| Exercise |
Output a verbatim copy of the data, cut off after the line that contains "Suleyman Tas Natural".

........

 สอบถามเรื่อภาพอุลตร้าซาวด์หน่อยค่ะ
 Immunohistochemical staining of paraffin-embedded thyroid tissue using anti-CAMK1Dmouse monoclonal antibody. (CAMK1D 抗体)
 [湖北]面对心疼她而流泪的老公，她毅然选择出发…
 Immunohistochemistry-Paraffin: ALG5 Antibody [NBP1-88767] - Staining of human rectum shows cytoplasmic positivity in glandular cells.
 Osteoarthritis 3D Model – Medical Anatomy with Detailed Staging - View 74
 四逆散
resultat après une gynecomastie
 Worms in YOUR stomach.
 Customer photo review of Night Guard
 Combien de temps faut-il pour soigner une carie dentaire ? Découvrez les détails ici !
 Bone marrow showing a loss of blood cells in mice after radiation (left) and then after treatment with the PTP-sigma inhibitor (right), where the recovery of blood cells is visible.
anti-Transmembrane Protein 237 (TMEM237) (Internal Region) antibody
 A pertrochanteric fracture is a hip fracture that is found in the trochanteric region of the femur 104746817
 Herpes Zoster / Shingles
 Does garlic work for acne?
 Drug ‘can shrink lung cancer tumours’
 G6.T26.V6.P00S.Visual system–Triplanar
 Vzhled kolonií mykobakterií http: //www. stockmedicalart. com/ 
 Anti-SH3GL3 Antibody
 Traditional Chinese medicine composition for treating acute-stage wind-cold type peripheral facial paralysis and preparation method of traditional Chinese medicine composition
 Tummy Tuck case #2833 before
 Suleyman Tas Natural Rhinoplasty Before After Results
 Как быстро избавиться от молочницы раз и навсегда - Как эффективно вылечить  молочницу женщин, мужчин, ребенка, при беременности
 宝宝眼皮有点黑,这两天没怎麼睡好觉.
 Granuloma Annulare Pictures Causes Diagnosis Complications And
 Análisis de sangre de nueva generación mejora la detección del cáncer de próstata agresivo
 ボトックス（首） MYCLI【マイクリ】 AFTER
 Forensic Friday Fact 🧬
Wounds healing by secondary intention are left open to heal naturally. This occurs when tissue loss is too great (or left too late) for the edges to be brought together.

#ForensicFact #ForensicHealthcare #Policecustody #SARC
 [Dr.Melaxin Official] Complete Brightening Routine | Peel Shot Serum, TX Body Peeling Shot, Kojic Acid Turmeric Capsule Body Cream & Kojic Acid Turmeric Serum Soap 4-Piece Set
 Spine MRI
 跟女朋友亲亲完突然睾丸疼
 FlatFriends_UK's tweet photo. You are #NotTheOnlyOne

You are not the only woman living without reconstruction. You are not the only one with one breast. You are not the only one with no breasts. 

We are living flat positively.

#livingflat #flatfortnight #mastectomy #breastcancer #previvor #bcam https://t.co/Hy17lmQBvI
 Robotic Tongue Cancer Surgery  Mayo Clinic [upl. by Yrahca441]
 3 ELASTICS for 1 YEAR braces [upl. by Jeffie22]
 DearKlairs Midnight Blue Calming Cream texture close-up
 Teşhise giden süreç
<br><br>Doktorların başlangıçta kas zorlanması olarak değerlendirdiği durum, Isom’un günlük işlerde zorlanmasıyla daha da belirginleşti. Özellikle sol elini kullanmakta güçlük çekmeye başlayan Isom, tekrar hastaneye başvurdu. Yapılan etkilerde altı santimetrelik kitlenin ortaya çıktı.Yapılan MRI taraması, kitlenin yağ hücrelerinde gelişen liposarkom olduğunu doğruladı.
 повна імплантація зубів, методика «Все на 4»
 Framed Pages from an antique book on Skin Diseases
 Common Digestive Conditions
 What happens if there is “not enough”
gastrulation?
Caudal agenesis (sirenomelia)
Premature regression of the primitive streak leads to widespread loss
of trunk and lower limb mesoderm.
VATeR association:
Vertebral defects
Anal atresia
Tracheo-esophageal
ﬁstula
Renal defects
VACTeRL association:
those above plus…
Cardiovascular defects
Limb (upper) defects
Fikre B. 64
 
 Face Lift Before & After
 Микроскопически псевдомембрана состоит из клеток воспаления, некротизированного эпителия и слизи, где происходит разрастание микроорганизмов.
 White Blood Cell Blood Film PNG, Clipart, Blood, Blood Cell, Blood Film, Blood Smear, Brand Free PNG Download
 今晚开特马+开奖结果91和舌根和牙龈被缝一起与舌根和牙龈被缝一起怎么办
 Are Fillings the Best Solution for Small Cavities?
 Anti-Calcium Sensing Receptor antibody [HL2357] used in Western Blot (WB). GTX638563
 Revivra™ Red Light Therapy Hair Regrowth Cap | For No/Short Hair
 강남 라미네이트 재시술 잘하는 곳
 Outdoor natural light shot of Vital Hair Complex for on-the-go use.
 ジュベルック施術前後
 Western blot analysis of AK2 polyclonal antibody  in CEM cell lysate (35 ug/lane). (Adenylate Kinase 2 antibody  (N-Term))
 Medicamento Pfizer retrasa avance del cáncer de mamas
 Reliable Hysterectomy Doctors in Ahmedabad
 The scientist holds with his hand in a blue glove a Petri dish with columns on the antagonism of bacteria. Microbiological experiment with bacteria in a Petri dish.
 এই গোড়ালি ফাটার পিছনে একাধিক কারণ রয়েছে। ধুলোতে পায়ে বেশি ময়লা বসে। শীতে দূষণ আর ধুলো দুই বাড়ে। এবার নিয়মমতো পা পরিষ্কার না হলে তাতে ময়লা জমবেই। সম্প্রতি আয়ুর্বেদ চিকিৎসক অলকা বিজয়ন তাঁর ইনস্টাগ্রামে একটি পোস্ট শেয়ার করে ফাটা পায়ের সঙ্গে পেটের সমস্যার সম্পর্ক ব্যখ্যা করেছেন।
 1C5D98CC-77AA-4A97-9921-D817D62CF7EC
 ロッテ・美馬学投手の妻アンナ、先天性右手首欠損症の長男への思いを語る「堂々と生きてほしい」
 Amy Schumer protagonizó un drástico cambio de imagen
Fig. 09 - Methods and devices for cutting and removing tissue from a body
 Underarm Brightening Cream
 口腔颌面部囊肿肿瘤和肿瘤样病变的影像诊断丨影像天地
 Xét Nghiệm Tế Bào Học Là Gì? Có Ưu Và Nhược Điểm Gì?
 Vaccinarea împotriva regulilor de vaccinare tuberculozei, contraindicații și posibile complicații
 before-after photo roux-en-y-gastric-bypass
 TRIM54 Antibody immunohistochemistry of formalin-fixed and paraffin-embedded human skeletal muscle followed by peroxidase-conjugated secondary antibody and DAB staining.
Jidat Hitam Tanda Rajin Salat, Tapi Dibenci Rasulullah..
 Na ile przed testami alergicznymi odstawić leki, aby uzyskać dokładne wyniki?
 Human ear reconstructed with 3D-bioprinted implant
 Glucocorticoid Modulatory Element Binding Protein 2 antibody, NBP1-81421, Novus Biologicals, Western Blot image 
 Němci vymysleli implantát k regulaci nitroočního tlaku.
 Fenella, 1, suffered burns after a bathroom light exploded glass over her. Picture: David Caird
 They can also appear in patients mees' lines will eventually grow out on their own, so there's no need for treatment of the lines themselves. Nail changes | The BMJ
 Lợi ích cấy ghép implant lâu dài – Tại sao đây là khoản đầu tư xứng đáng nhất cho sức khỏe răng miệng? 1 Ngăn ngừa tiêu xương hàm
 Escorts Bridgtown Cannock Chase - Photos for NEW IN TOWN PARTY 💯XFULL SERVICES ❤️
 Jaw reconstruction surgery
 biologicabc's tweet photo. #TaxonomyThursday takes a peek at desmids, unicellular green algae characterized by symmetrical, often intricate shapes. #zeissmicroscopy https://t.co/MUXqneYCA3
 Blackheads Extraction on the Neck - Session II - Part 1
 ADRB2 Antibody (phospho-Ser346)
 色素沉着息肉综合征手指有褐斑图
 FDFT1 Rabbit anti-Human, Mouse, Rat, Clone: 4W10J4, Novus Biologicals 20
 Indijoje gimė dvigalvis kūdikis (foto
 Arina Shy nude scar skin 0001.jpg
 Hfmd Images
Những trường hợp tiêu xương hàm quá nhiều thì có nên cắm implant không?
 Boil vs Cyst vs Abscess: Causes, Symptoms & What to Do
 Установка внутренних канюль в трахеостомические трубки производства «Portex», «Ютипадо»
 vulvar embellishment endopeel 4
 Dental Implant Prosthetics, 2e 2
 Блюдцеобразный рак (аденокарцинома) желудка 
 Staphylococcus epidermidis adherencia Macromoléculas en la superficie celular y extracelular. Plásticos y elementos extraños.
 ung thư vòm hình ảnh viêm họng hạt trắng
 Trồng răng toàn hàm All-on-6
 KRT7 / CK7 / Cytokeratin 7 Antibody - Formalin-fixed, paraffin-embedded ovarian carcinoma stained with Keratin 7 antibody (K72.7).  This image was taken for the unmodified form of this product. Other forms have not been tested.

........

| Response box |
 สอบถามเรื่อภาพอุลตร้าซาวด์หน่อยค่ะ
 Immunohistochemical staining of paraffin-embedded thyroid tissue using anti-CAMK1Dmouse monoclonal antibody. (CAMK1D 抗体)
 [湖北]面对心疼她而流泪的老公，她毅然选择出发…
 Immunohistochemistry-Paraffin: ALG5 Antibody [NBP1-88767] - Staining of human rectum shows cytoplasmic positivity in glandular cells.
 Osteoarthritis 3D Model – Medical Anatomy with Detailed Staging - View 74
 四逆散
resultat après une gynecomastie
 Worms in YOUR stomach.
 Customer photo review of Night Guard
 Combien de temps faut-il pour soigner une carie dentaire ? Découvrez les détails ici !
 Bone marrow showing a loss of blood cells in mice after radiation (left) and then after treatment with the PTP-sigma inhibitor (right), where the recovery of blood cells is visible.
anti-Transmembrane Protein 237 (TMEM237) (Internal Region) antibody
 A pertrochanteric fracture is a hip fracture that is found in the trochanteric region of the femur 104746817
 Herpes Zoster / Shingles
 Does garlic work for acne?
 Drug ‘can shrink lung cancer tumours’
 G6.T26.V6.P00S.Visual system–Triplanar
 Vzhled kolonií mykobakterií http: //www. stockmedicalart. com/ 
 Anti-SH3GL3 Antibody
 Traditional Chinese medicine composition for treating acute-stage wind-cold type peripheral facial paralysis and preparation method of traditional Chinese medicine composition
 Tummy Tuck case #2833 before
 Suleyman Tas Natural Rhinoplasty Before After Results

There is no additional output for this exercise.